**EXERCISE**
From the line containing "Nowe słuchawki z" through the end of the material below, output each line exactly as written, with pictures excluded.

[SUPPLIED MATERIAL Boundary: Start]

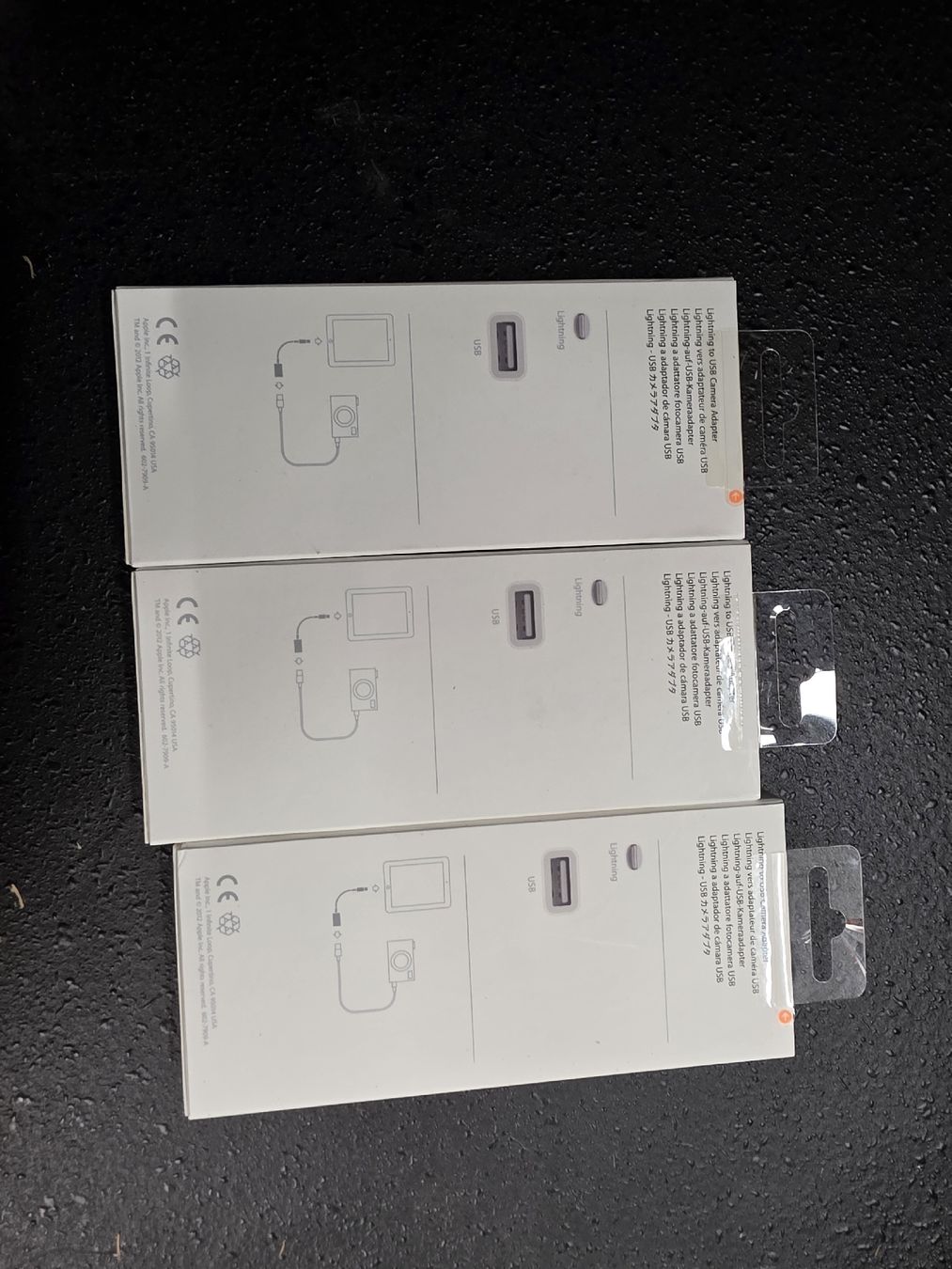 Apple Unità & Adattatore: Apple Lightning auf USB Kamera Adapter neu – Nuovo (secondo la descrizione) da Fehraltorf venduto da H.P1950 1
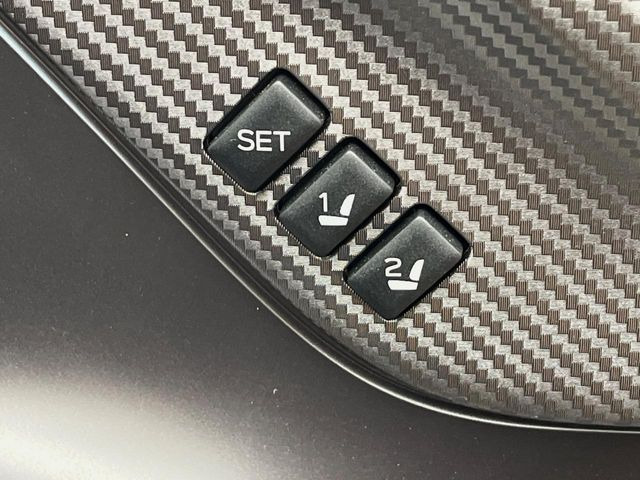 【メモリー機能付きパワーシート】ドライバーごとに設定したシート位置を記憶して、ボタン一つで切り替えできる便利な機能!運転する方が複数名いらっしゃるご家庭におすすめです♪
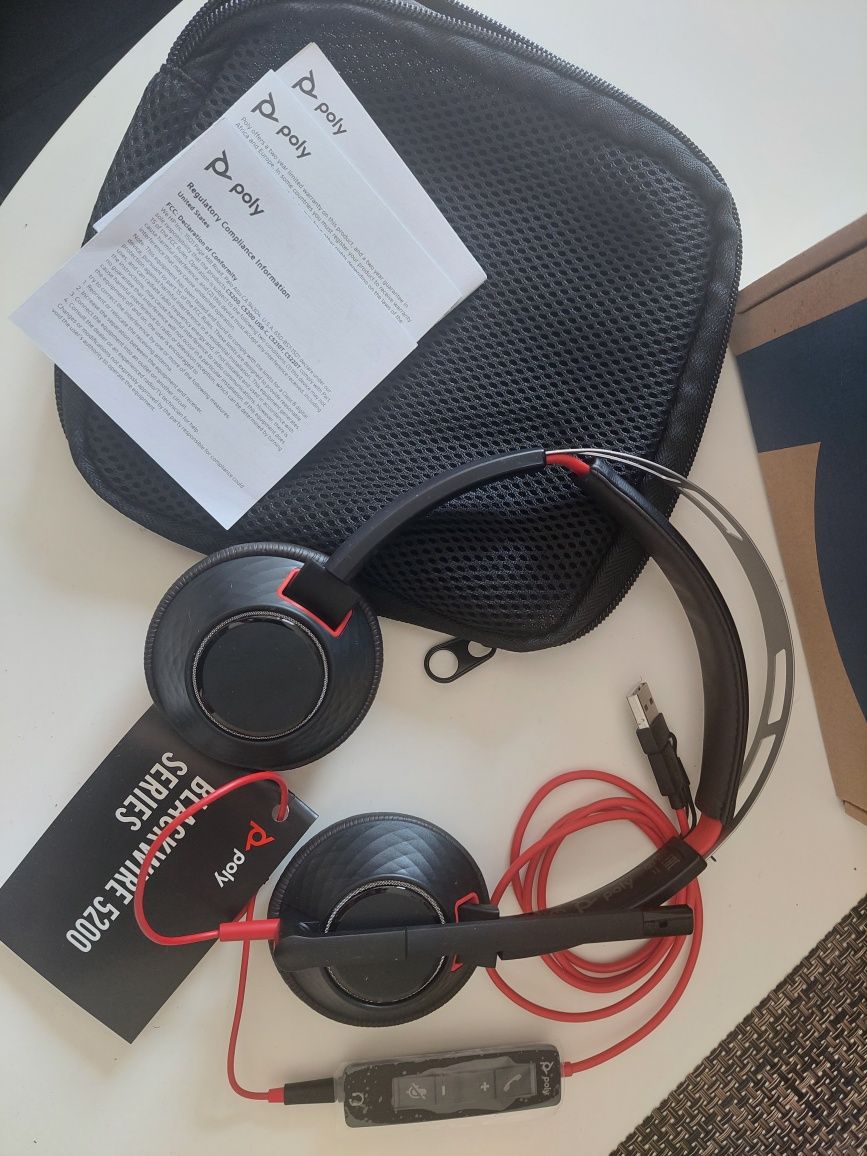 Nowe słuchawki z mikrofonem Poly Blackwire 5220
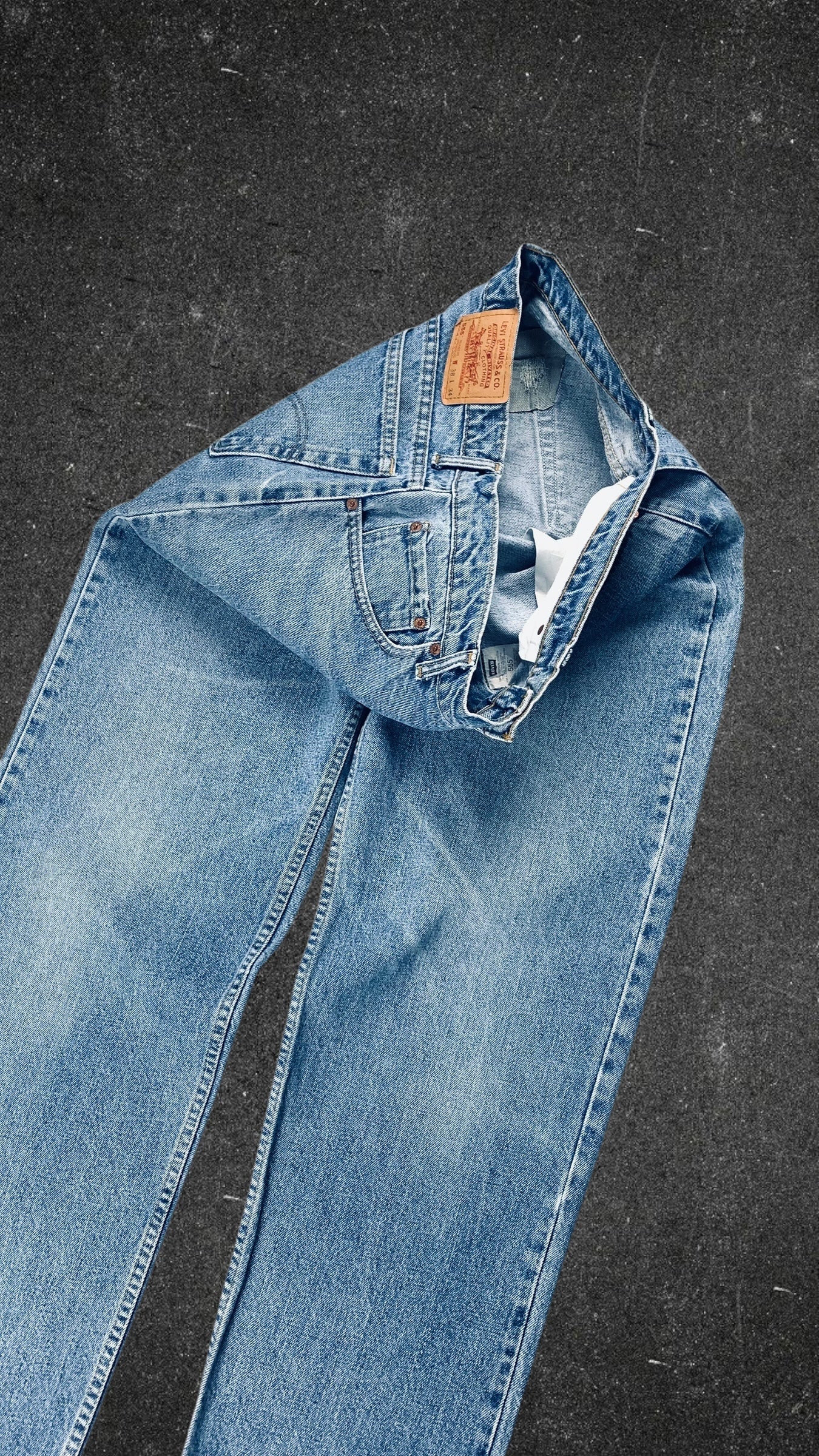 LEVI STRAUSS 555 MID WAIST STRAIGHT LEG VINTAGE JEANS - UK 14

[SUPPLIED MATERIAL Boundary: End]

**RESPONSE TO THIS TASK**
 Nowe słuchawki z mikrofonem Poly Blackwire 5220
 LEVI STRAUSS 555 MID WAIST STRAIGHT LEG VINTAGE JEANS - UK 14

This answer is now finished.